The hypothesis of this work is that mass effect as manifested on anatomical MRI,
differentially deforms the neighboring structures in the brain, and will lead
to significantly higher deformations in patients with more aggressive GBM
(short-lived), from those with less aggressive disease (long-lived).
Methods
A total of 40 pre-operative Gadolinium (Gd)-contrast
T1w, T2w, and FLAIR MRI studies with pathologically
proven GBM were retrospectively obtained from The Cancer Imaging Archive. Our cohort
had a median survival of 15.1 months, and was used as a cutoff to divide the
population into long-lived and short-lived studies (Table 1). Pre-processing steps
included co-registration of all protocols from a given study, bias field
correction, intensity standardization, and skull stripping. Enantiomorphic
normalization was used to remove tumor lesions from T1w images to
allow for the creation of a minimum deformation population template. This
template was then used within GLISTR, a tumor-aware registration tool that is
driven by healthy and tumor tissue segmentations obtained from multi-parametric
MRI, to register every patient study with respect to the template
7. Warp
fields generated from the registration were converted to Jacobian determinant
images, and were used in a voxel-wise two-tailed t-test with a highly
conservative cluster-mass based family-wise error correction with a
cluster-forming threshold of t=3.3, to identify areas of the brain where
deformation associated significantly with overall survival.

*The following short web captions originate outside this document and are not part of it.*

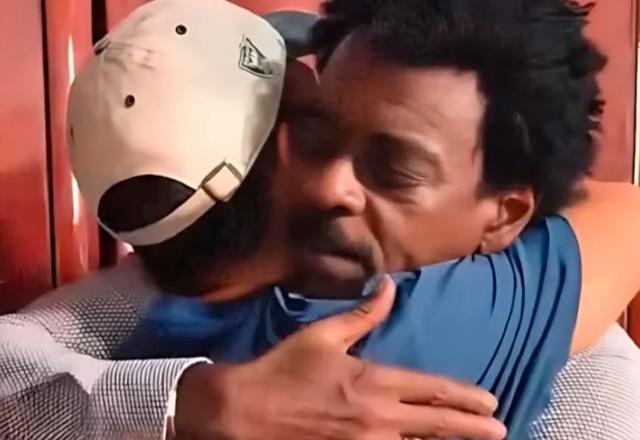 João Gomes e Seu Jorge se abraçando.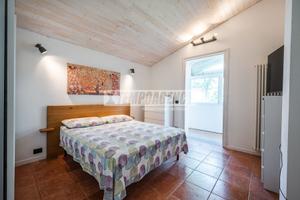 VILLA INDIPENDENTE CON GIARDINO A PESCAROLA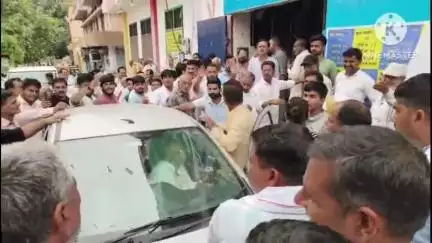 नारनौल: नारनौल में श्री गौड ब्राह्मण सभा के चुनाव में हंगामा, लाचार बुजुर्ग की वोट गाड़ी में डलवाने पर भड़के लोग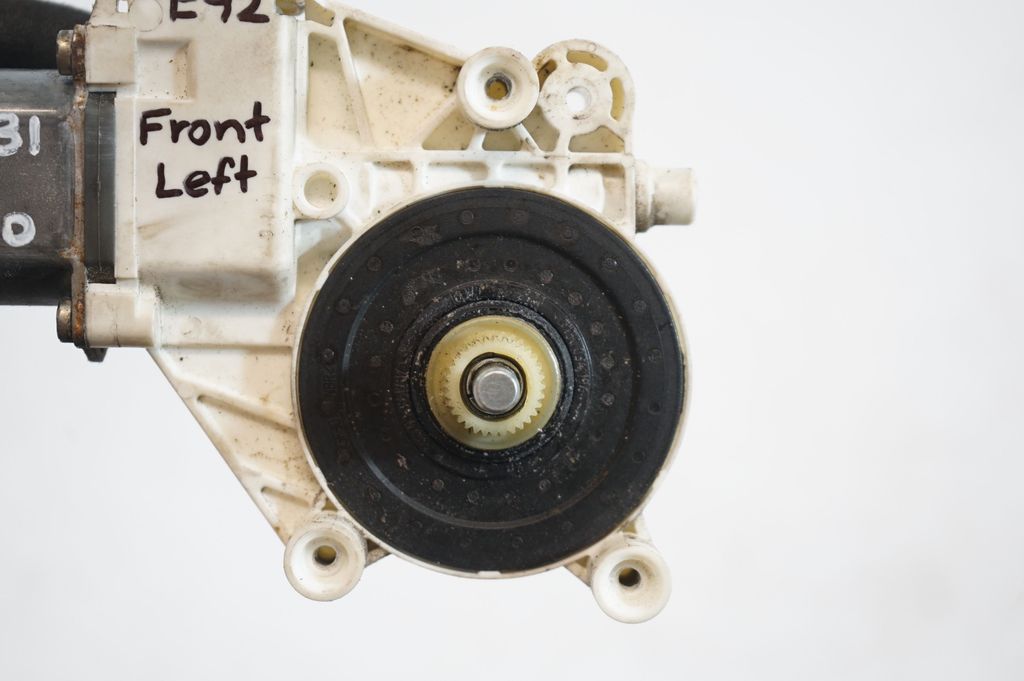 Front door window regulator motor (6)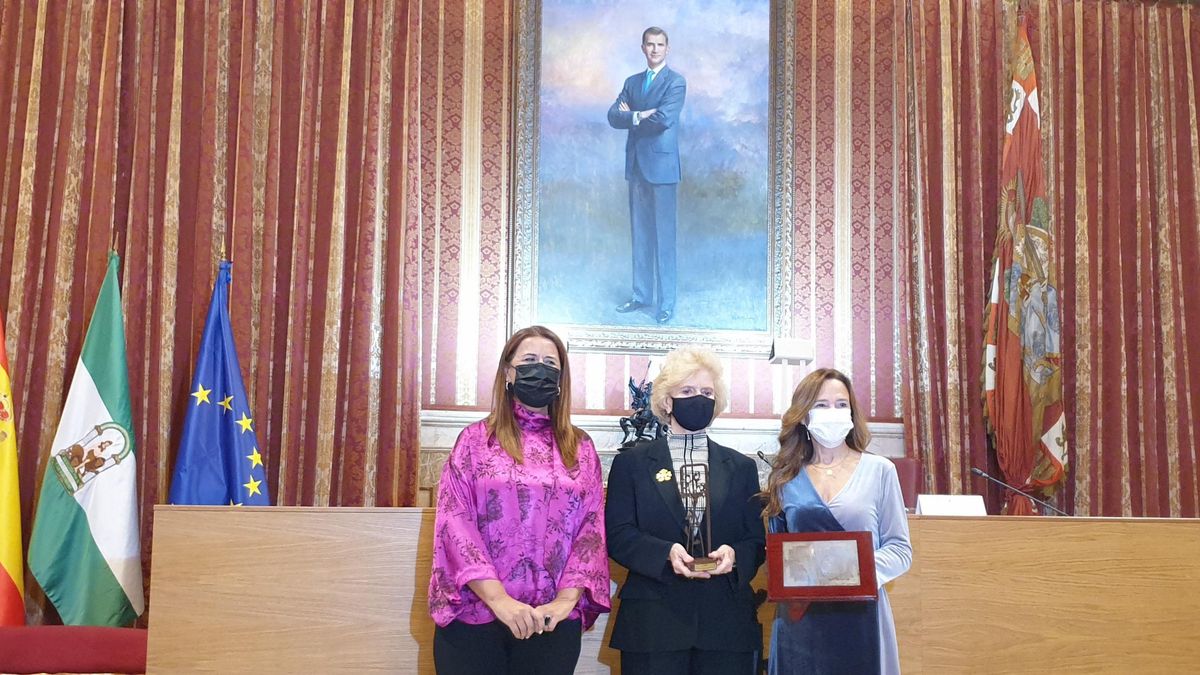 La Fundación Jiménez Becerril entrega el Premio Contra el Terrorismo a Soledad Becerril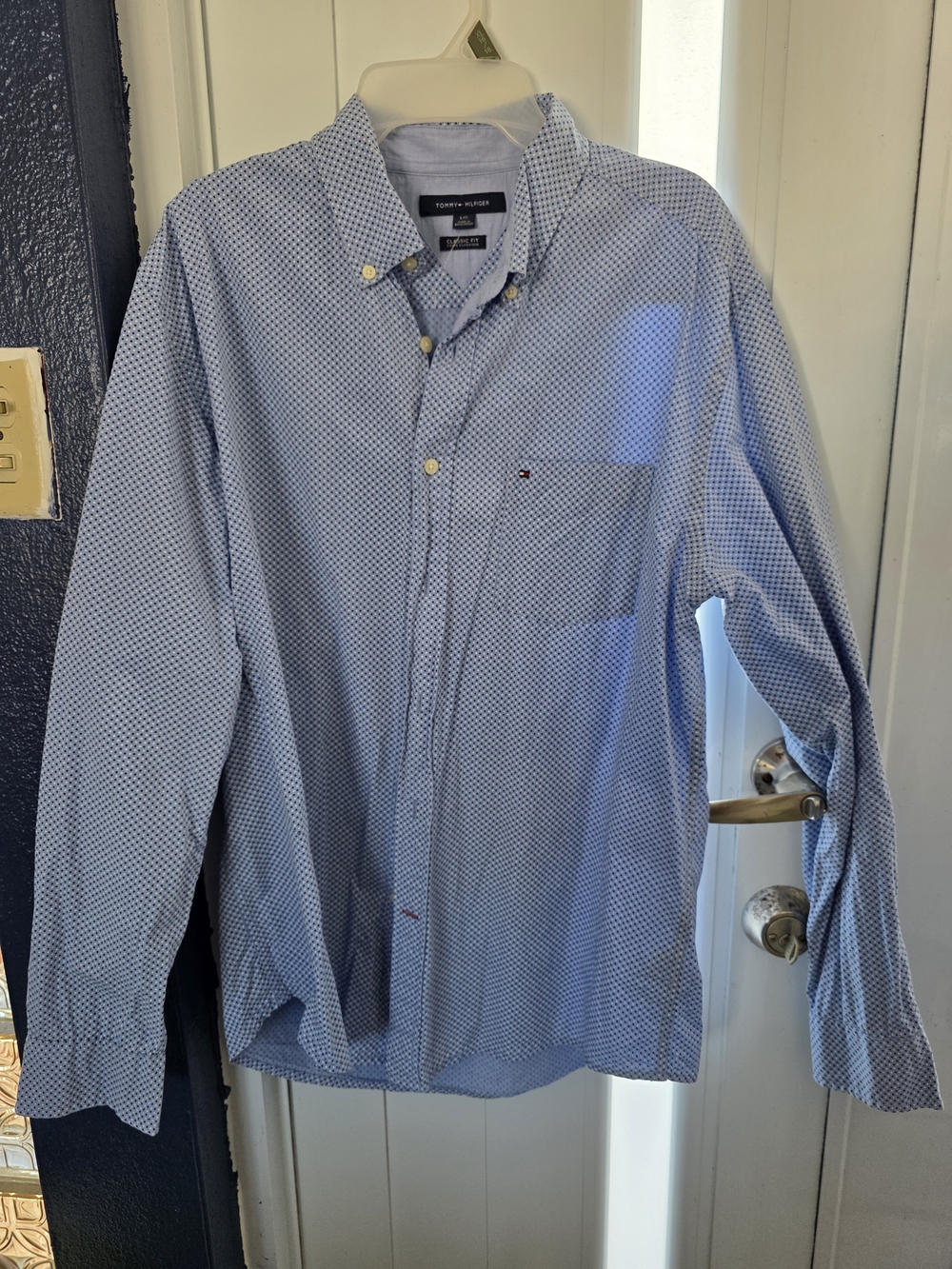 Tommy Hilfiger Men’s Light Blue Micro-Pattern Button-Down Shirt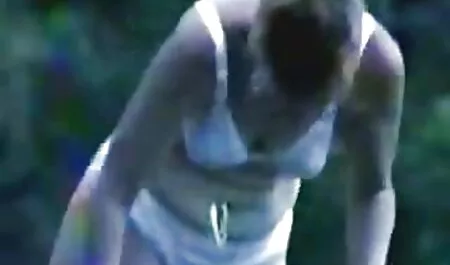 Súng chụp một cô gái trẻ trong rừng và bắt cô, sex game show nhat nếu như để lại hai ướt khe hở trong một vòng tròn.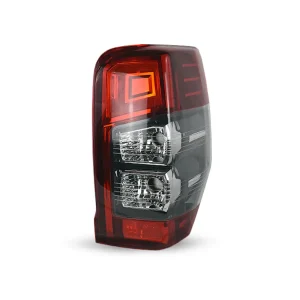 8330B210, Piloto trasero derecho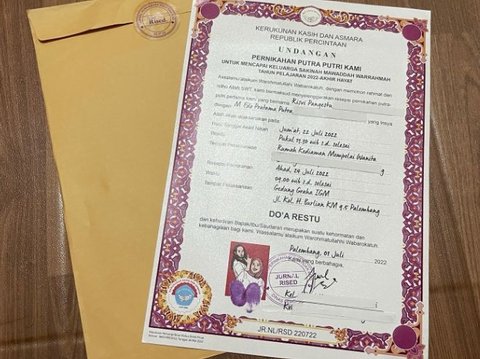 Anti Mainstream! This Wedding Invitation Design Looks Like a Diploma, Complete with a Stamp and Fingerprint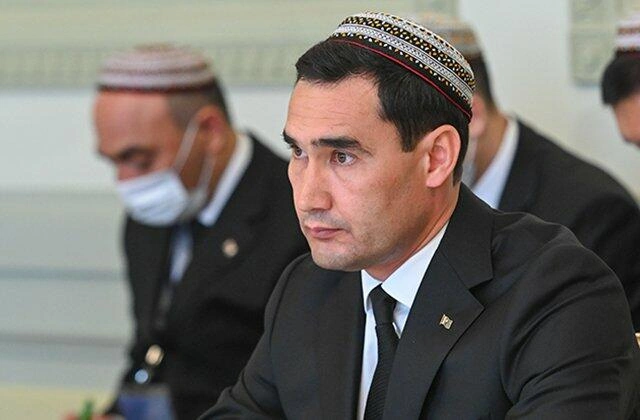 Berdiməhəmmədov səfirimizi təltif etdi - Foto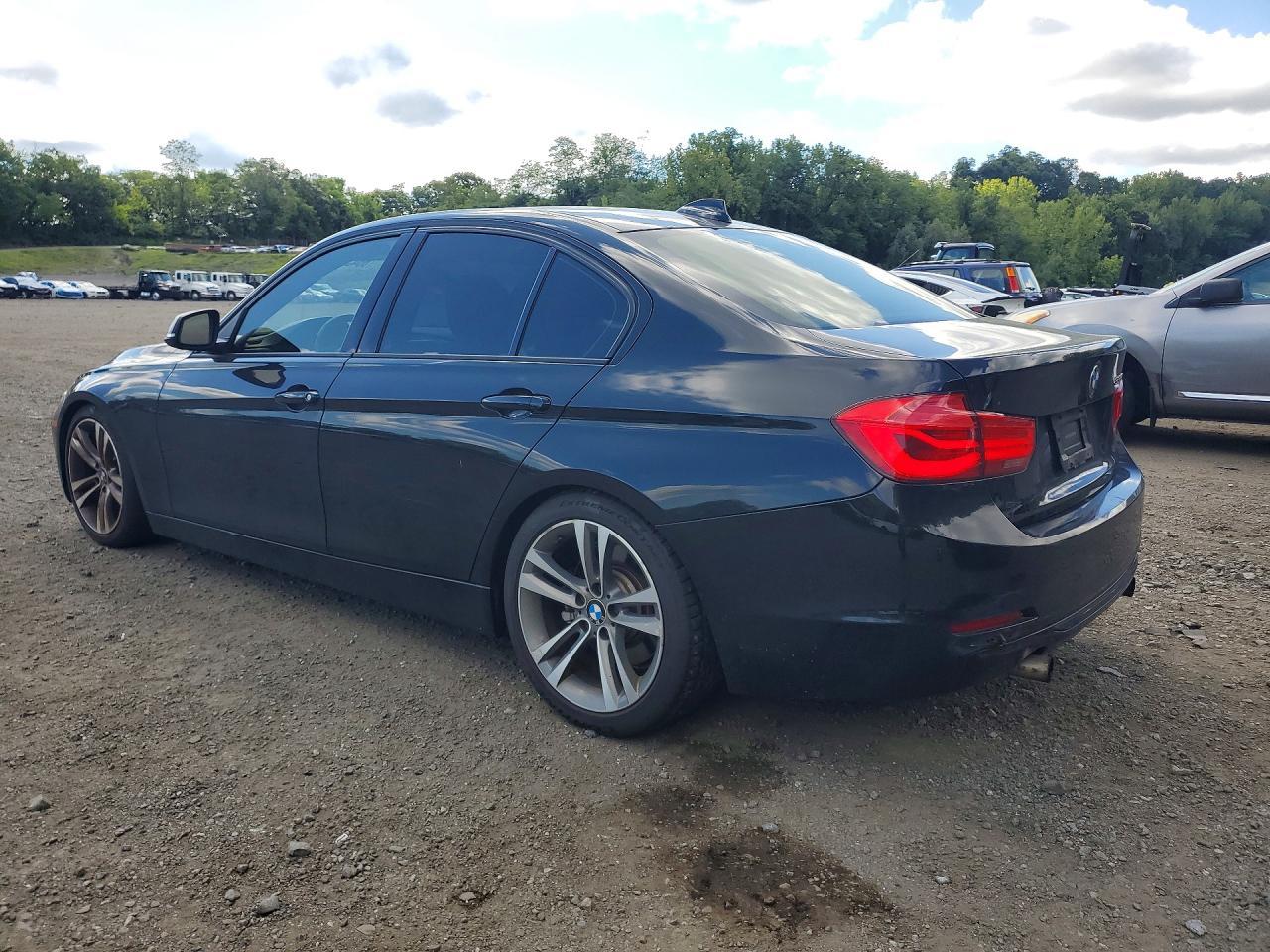 2013 BMW 335 Xi - zdjęcie 2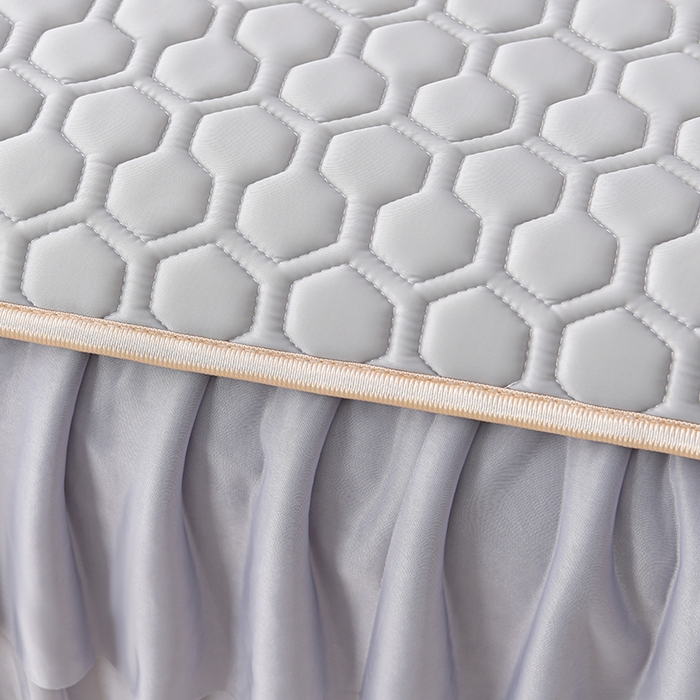 91家纺网 家纺一手货源 找家纺 畅畅家纺 2025新款夏季凉感丝足球花纯色凉席夏被四件套 足球花-陨石灰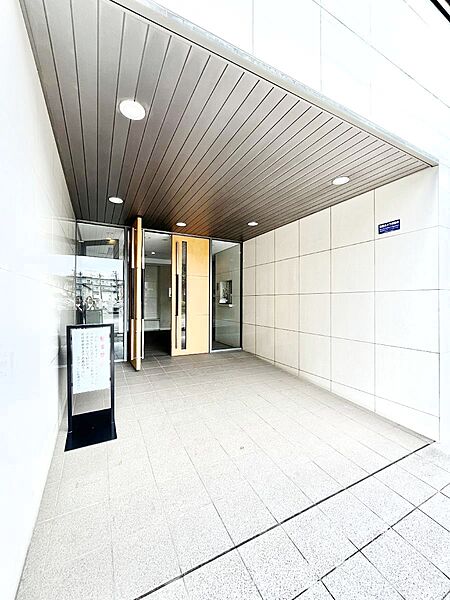 住居者や来訪者を気持ちよくお出迎え！落ち着いた雰囲気のエントランス。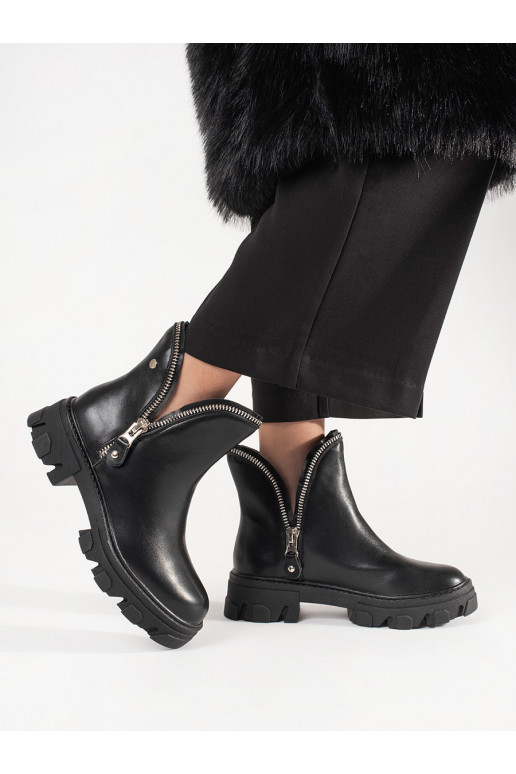 Naiste poolsaapad paksul platvormil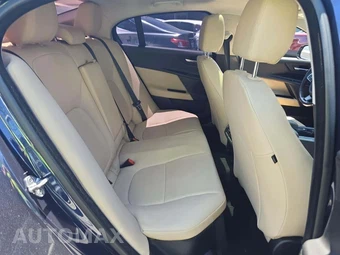 2017 Jaguar XE – miniatura 16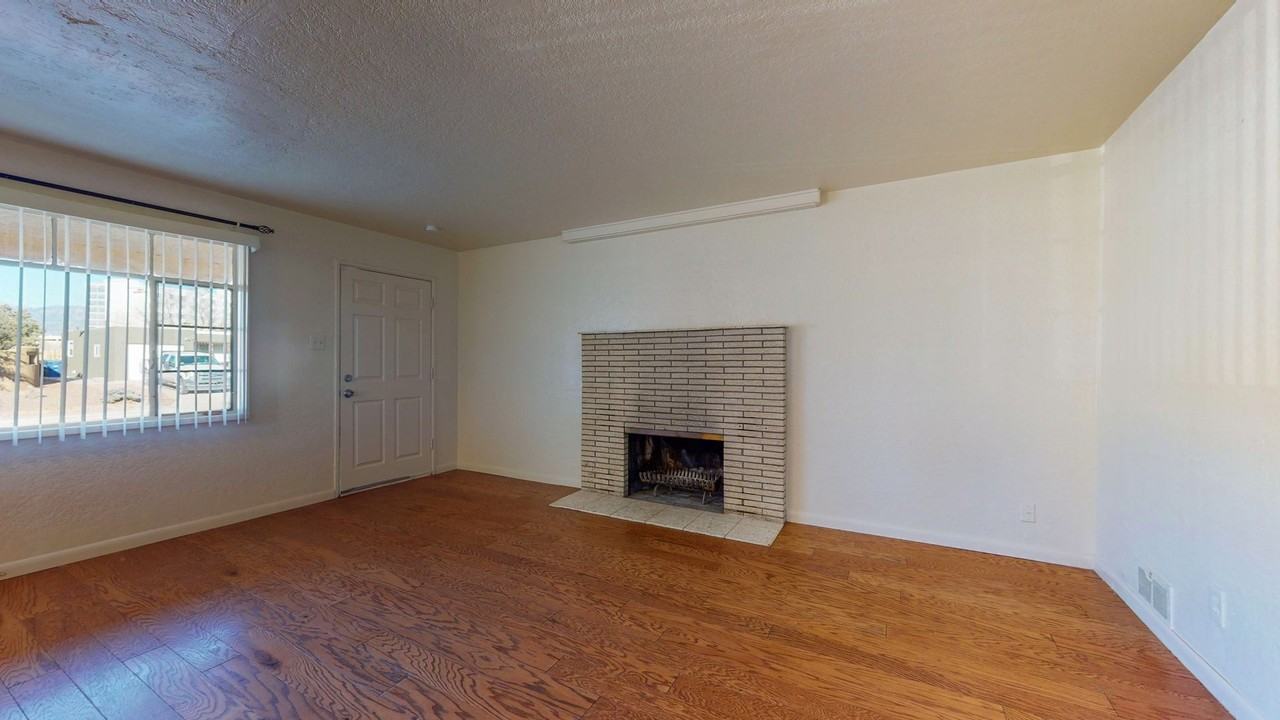 6112 Zimmerman Ave Ne - Photo 7 of 48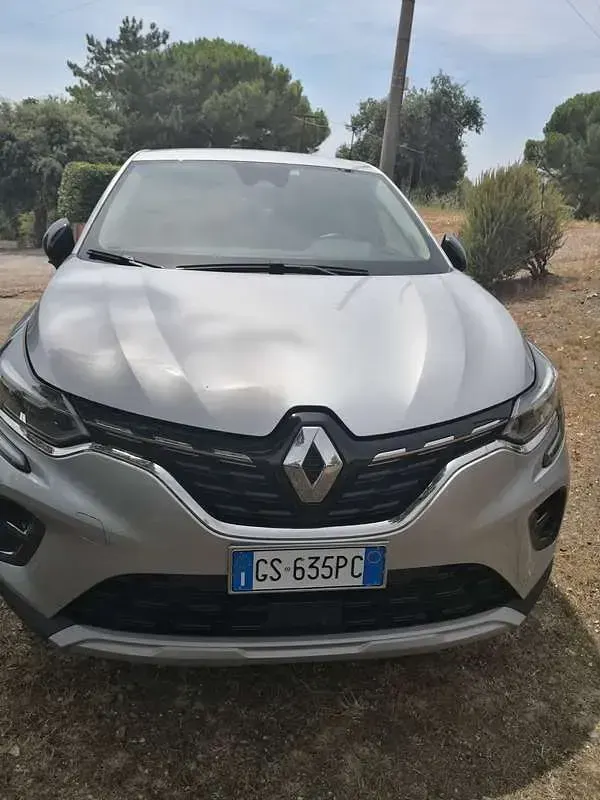 Usata Renault Captur Techno 101 CV (74 kW) 2024 Argento SUV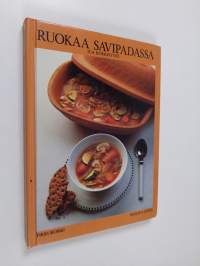 Ruokaa savipadassa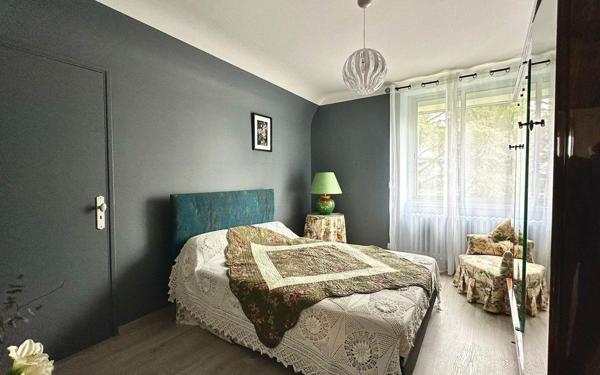 Maison à vendre    8 pièces •  Luc-la-Primaube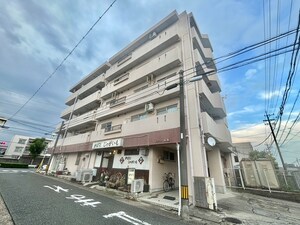ドミール高垣外観写真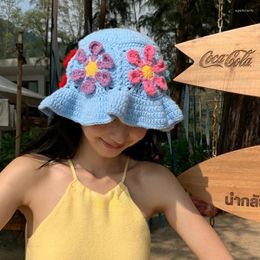 Berets Japanese Niche Colourful Flowers Hollow Knitted Bucket Hat Women Spring Summer Beach Vacation Hand Crocheted Fashion Basin Cap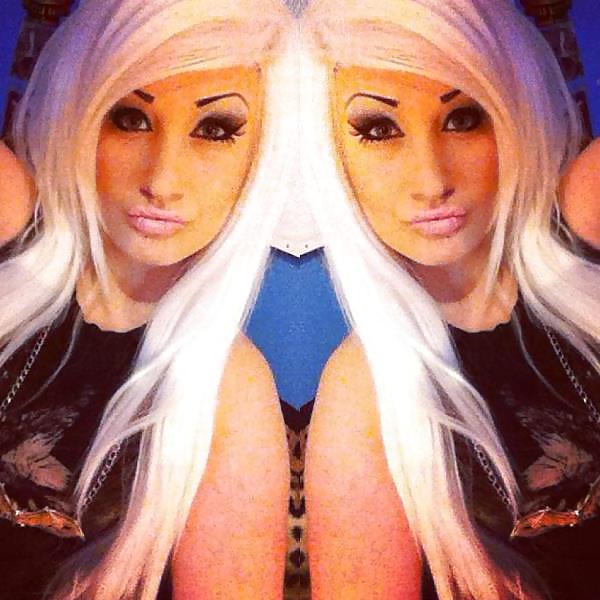 25P Facebook Emo Gothic Scene Girl Selfies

To decrease the
potential confounding effects of age and the large deformations in the
immediate vicinity of tumors, these factors were included in the statistical model
as nuisance regressors, to mitigate their effect as outliers.
Results
and Discussion
Figure 1 shows the per-voxel quantitative statistical
map as quantified via the t-statistics (cluster corrected with p(cluster) < 0.001, at a conservative
cluster forming threshold of t=3.3) demonstrating
areas that show marked decrease in volume in short-lived relative to long-lived
studies (yellow-red) and areas that show marked increase in volume in
short-lived relative to long-lived studies (blue-light blue). Relative compression
of cerebrospinal fluid (CSF) was observed in short-lived patient population
around the cerebellum, which may imply that subarachnoid space is being
compressed to a significantly greater extent in individuals with poor outcomes,
and may ultimately be a cause of brain herniation. Similarly, the expansion of
cortical volume at the medial surface of the cerebral hemispheres and around
the ventricles in short-lived patients is consistent with deformation of the
cortex across the midline (midline-shift) and into the ventricles.
Conclusion
We presented the initial results of a tensor
based morphometry approach to understand the impact of mass effect on different
substructures in the brain as observed on treatment-naïve MRI, and its
association with patient survival in GBM patients. Our preliminary results
suggest that prominent deformation changes in CSF in cerebellum and the medial
cortical surfaces at the central fissures on treatment-naïve MRI may serve as
early indicators of poor survival in Glioblastoma.